▶ **Work to be completed**: The listing below should be written out word for word, with its pictures removed.

▶ **Given data**:
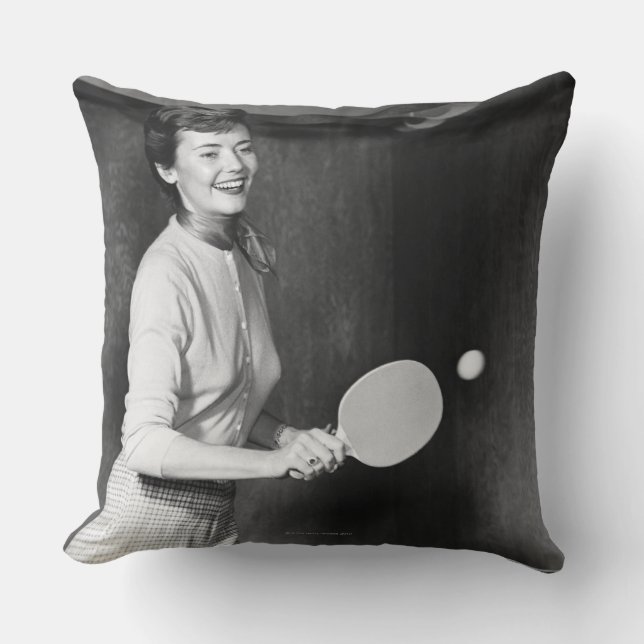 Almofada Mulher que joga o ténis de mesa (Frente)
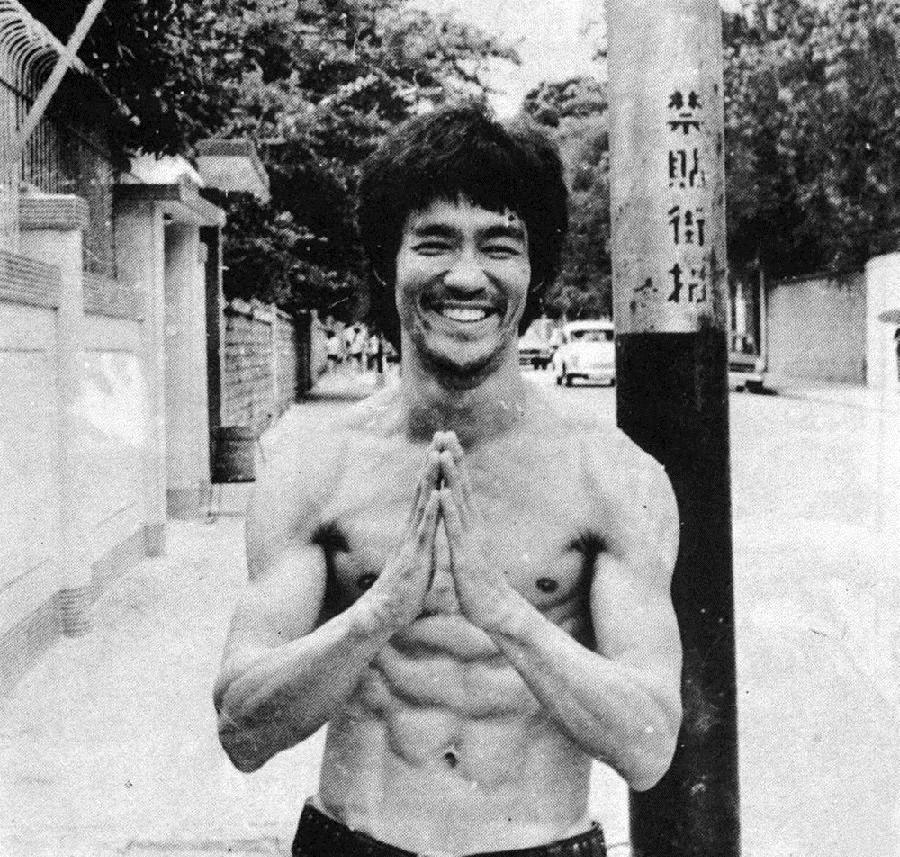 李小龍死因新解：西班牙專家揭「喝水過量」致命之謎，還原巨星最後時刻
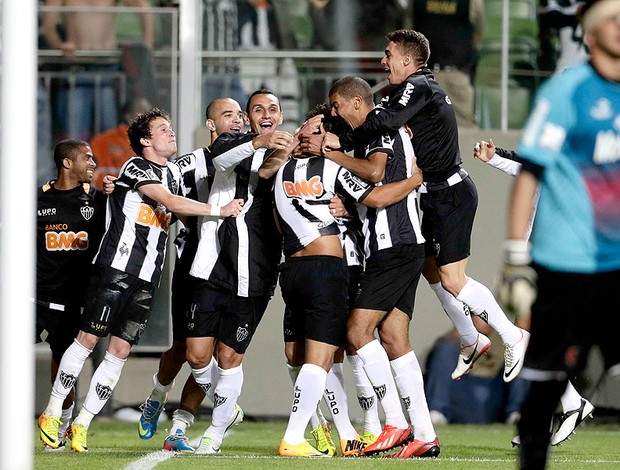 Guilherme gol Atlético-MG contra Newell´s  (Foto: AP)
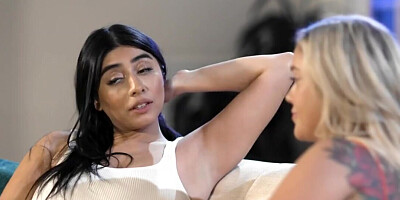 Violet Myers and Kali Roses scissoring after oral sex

▶ **Problem solution**:
 Almofada Mulher que joga o ténis de mesa (Frente)
 李小龍死因新解：西班牙專家揭「喝水過量」致命之謎，還原巨星最後時刻
 Guilherme gol Atlético-MG contra Newell´s  (Foto: AP)
 Violet Myers and Kali Roses scissoring after oral sex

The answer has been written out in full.